The automobile fraud and theft statistics reporting requirement in this bill could create minor administrative costs for the MSP and local law enforcement agencies. However, the MSP and many local law enforcement agencies participate in the Federal Bureau of Investigation Uniform Crime Reporting program and likely already have much of these data readily available, and in many cases, published in on a publicly accessible website.[4]

Department of Corrections and State and Local Courts

For Corrections and Judiciary, HB 5013 would have an indeterminate fiscal impact on the state and on local units of government.  Information is not available on the number of persons that might be convicted under provisions of the bill.  New misdemeanor convictions would increase costs related to county jails and/or local misdemeanor probation supervision.  Costs of local incarceration in a county jail and local misdemeanor probation supervision vary by jurisdiction.   Any increase in penal fine revenues would increase funding for local libraries, which are the constitutionally designated recipients of those revenues.   Also, the bill would have an indeterminate fiscal impact on the judiciary and local court funding units.  The fiscal impact would depend on how provisions of the bill affected court caseloads and related administrative costs. 

                                                                                         Legislative Analyst:   Patrick Morris

                                                                                                Fiscal Analysts:   Jim Stansell

                                                                                                                           Kevin Koorstra

                                                                                                                           Bethany Wicksall

                                                                                                                           Marcus Coffin

                                                                                                                           Michael Cnossen

                                                                                                                           Kent Dell

                                                                                                                           Robin Risko

This analysis was prepared by nonpartisan House Fiscal Agency staff for use by House members in their deliberations, and does not constitute an official statement of legislative intent.
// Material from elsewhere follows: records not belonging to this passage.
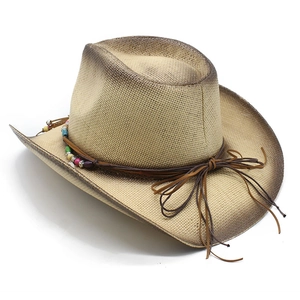 Close-up of woven straw cowboy hat with colorful beads and vintage smoked edge detail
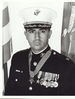 A black and white photo of the upper torso of Jay Vargas wearing his military dres uniform with hat and medals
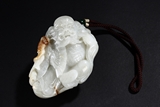 A WHITE JADE CARVED ZHONG KUI ORNAMENT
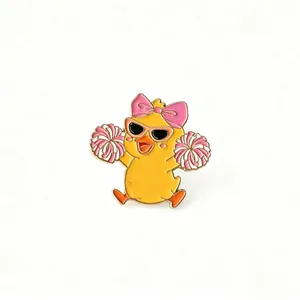Close-up detail of a cute cartoon cheerleading duck enamel pin with pink pom-poms
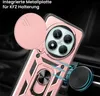 A close-up view of a rose gold phone case with a camera lens cover and a ring holder, shown attached to a car vent mount. Produktbild-Vorschau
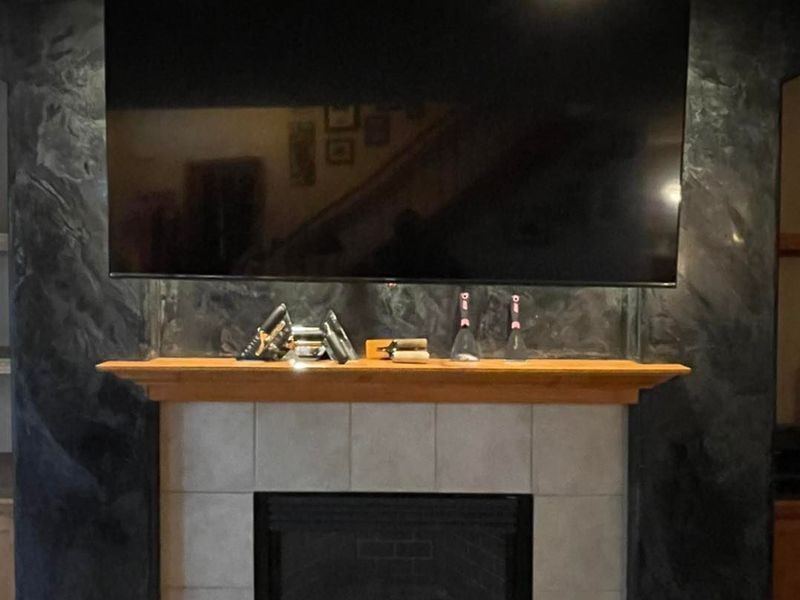 Fireplace with mounted TV, gray tile, wooden mantel, and dark gray wall accent.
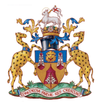 Coat of arms featuring a lamb atop a helmet, flanked by two leopards, symbolising heritage and tradition in heraldry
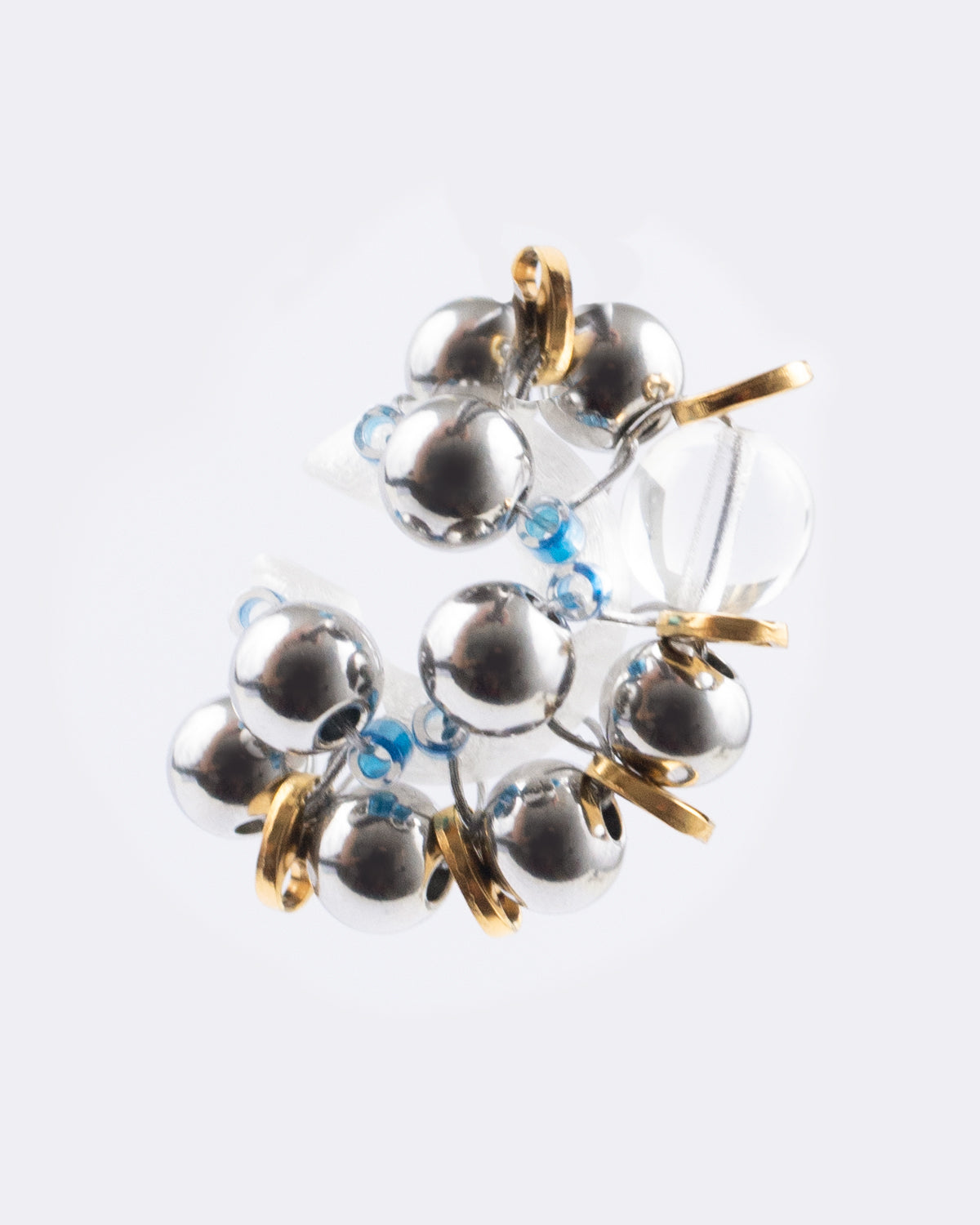Earcuff Jelly Duo Bleu porté en plastique biosourcé composé d'une multitude de perles argentées de grains de café dorés et de perles en verre colorées bleues tressés sur une base transparente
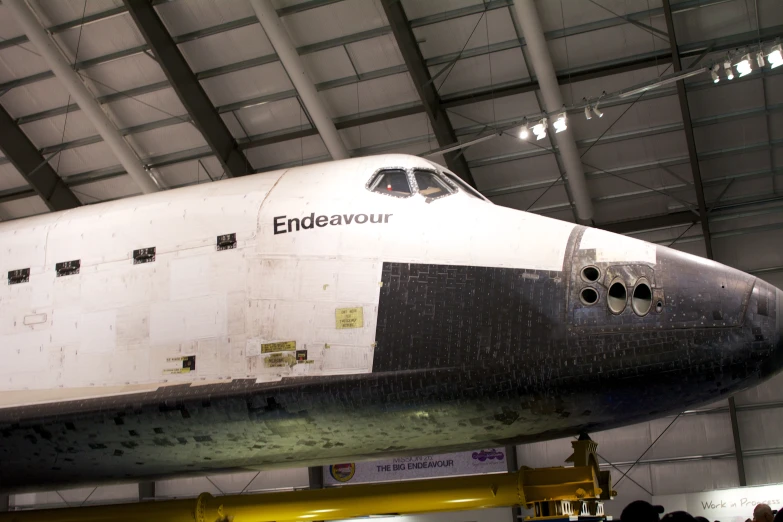 a space shuttle sits on display in a building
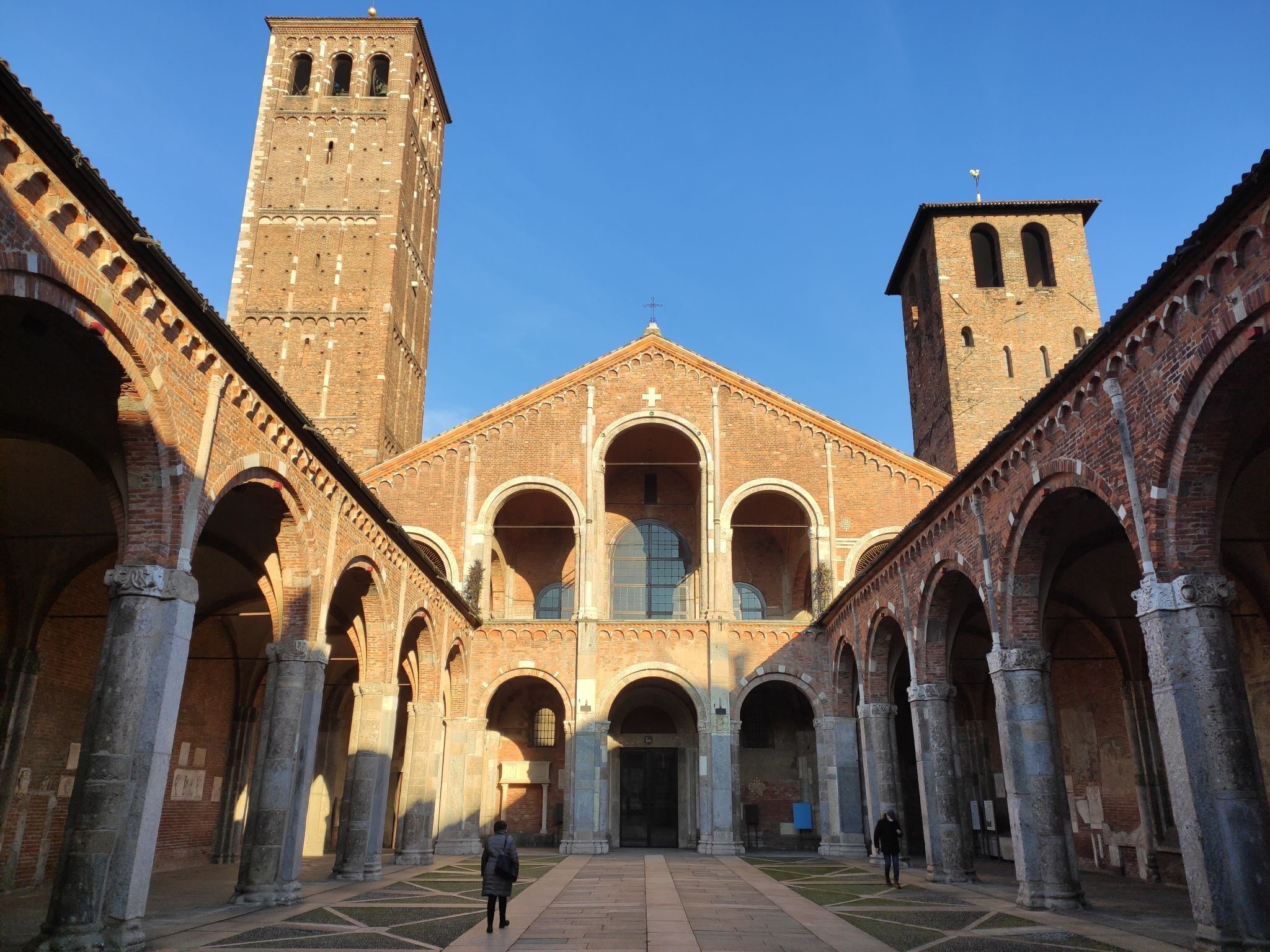 A historic building with a central courtyard, featuring a large arched entrance and two towers.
[1] See Section 213, "Medical, dental, etc., expenses." In US Code. Available online at: http://uscode.house.gov/view.xhtml?req=granuleid:USC-prelim-title26-section213&num=0&edition=prelim

[2] For reference, member insurers are currently charged $170.00 per vehicle for the MCCA premium. This represents $143.33 to cover anticipated new claims, and $26.27 to address an existing deficiency. See "MCCA sets 2017 – 2018 Insurance Company Assessment." Available online at: http://michigancatastrophic.com/Portals/71/Final%20MCCA%20Assessment%20Press%20Release%20March%202017%20with%20Exhibits.pdf

[3] See Section 1395dd, "Examination and treatment for emergency medical conditions and women in labor" in US Code. Online at: http://uscode.house.gov/view.xhtml?req=(title:42%20section:1395dd%20edition:prelim)

[4] For example, the MSP reports that there were 832 motor vehicle theft incidents and 107 motor vehicle fraud incidents in Wayne County, in 2016. www.micrstats.state.mi.us; accessed September 29, 2017.